A Universidade de Cabo Verde (Uni-CV), através do seu Centro de Investigação e Formação em Género e Família (CIGEF), deu início na quarta-feira à conferência internacional “Repensar o Género a partir de África: Perspetivas Globais e Locais”. O evento, que assinala também o 17.º aniversário do CIGEF, teve como conferência inaugural a intervenção do docente e investigador Cláudio Furtado, docente da Faculdade de Ciências Sociais, Humanas e Artes (FCSHA), subordinada ao tema “A consolidação de um pensamento africano sobre género e feminismos: caminhos ainda a trilhar”.
Na sua alocução, o investigador Cláudio Furtado sublinhou a urgência de uma rutura epistemológica com os modelos teóricos importados do Norte Global, que historicamente se apresentaram como universais. Partindo das palavras-chave “repensar” e “género”, o investigador defendeu que a análise das realidades africanas exige ferramentas concetuais próprias, capazes de captar as suas especificidades sociais, históricas e culturais.
Um dos pilares da sua argumentação centrou-se na importância do conceito de “lugar de fala”, popularizado pela filósofa Djamila Ribeiro, como instrumento para “quebrar com o discurso autorizado e único que se pretende universal”. Segundo Furtado, reconhecer a legitimidade de investigadoras e ativistas africanas para produzirem conhecimento a partir das suas próprias experiências é um passo fundamental para combater o “epistemicídio” de saberes não canónicos. “É imperativo que as mulheres africanas definam e diferenciem as suas posições teóricas de outras naturezas, resistindo assim à tentação de que as suas histórias sejam contadas não só por mulheres ocidentais, mas também por homens africanos”, declarou, citando a académica Oyèrónkẹ́ Oyěwùmí.

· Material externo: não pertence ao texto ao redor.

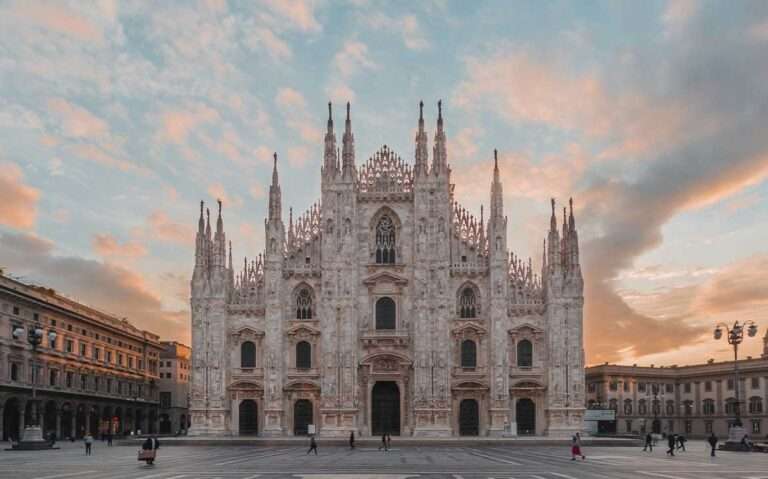 durante entardecer, pessoas caminhando em frente a igreja com estilo gótico em Milão.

O docente traçou um percurso histórico da emergência dos estudos de género no continente, desde as primeiras investigações no período colonial, maioritariamente conduzidas por europeus, até ao marco de 1977, com a criação da Associação das Mulheres Africanas para a Pesquisa e o Desenvolvimento (AFARD/AWPRD), que consolidou um espaço autónomo de produção de conhecimento. Destacou ainda que a abordagem interseccional - que articula género, raça, classe e condição colonial - esteve “sempre presente” no pensamento feminista africano, muito antes de se tornar um conceito central no debate académico global.
Olhando para o futuro, o investigador Cláudio Furtado identificou vários “caminhos a trilhar”. Apelou a um reforço dos estudos empíricos, focados em desafios persistentes como as disparidades económicas, a sub-representação política das mulheres e as desigualdades no acesso à educação e à saúde em Cabo Verde e no continente. Para o investigador, apenas a investigação localmente relevante pode aspirar à universalidade. “O estudo só é universalmente relevante se o for localmente”, concluiu, citando o antropólogo Archie Mafeje.
O seminário prossegue até ao dia 13 de novembro, com um programa que inclui diversos painéis, mesas de discussão e performances, reunindo académicos e ativistas de vários países africanos e da diáspora.